Her bed was littered with Owen’s LEGOs and the Harry Potter book he was reading out loud to his mother. He didn’t like being away from her, and it would be only after Loralee told him to go to Maris’s or head to the store with me that he’d reluctantly leave her side. Several times I’d found him sleeping on the floor in the hallway outside her door, bathed in the light from the Darth Vader night-light, keeping the encroaching darkness away.
Gibbes came by almost every day if his work schedule allowed, usually bringing her flowers, and stayed for a bit to talk with her and to Owen. I always found an excuse to be in some other part of the house, because every time I saw him I thought of the letter. And how the truth kept nudging me, wanting me to face things I wasn’t ready for. I hadn’t shared the letter with him, not yet. I simply didn’t have the courage to watch him put the pieces together, and to confront the aftermath.

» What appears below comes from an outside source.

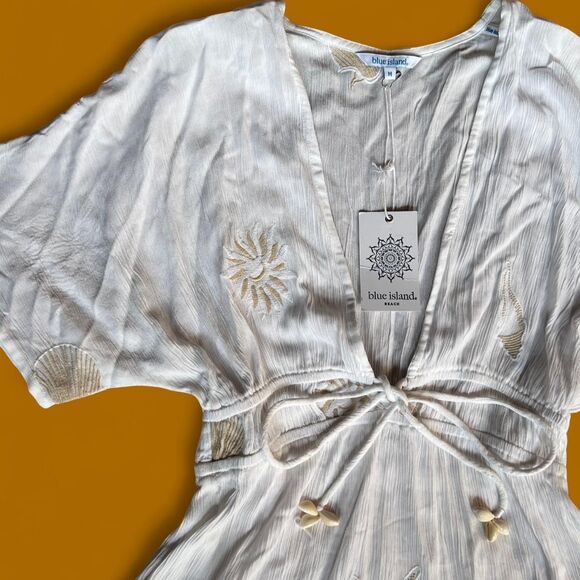NWT Blue Island Seashell Beach inspired embroidered white swim coverup - Picture 3 of 8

The television was on low, showing one of Loralee’s favorite soaps—one in which even I could now name the characters and who was sleeping with whom. I watched it for a few minutes, then walked over to turn it off.
“Just turn down the volume, please,” she said.
“Sorry—I thought you were sleeping.”
“I was mostly thinking.”
I sat down on the side of her bed. “What about?”
“About what I want to be buried in.” She paused to catch her breath. It was difficult for her to talk, and she paused often between sentences and sometimes words. “I’ve got a really pretty pink suit with a bow at the collar; I’ll show you which one. And I want my hair down and curled the way I like to wear it—nice and big. Will you take care of that for me? I want Owen to remember his mama looking her best.”
“Loralee,” I began, feeling the ever-present sob in the back of my throat.
“And I want you to wear red. Go buy yourself a new dress, and every time you wear it, I want you to remember me and how fabulous we both looked at my funeral.”
A half sob, half laugh erupted from my mouth. “All right. What about Owen?”
A soft smile fell on her lips. “He’ll probably pick his little-man suit with the striped tie, but if he doesn’t that’s all right. Let him wear what he wants to. Maybe he’ll rebel and wear tennis shoes or something. There’s nothing wrong with that. A show of independence now and again is a good thing.” Her breath rattled as she tried to suck in air.
“Got it,” I said, wishing I had my own journal to write down all of Loralee’s child-rearing tips and general wisdom. I had a strong feeling I would need it.
“Where’d you put the suitcase?”
“In the basement. For now. Along with the rest of it.”
She didn’t say anything, but I knew she wanted to. Since we’d read the letter, she hadn’t said one word about it, and it must have taken all of her strength to keep it inside. I stood and began tidying the items on her dresser, waiting.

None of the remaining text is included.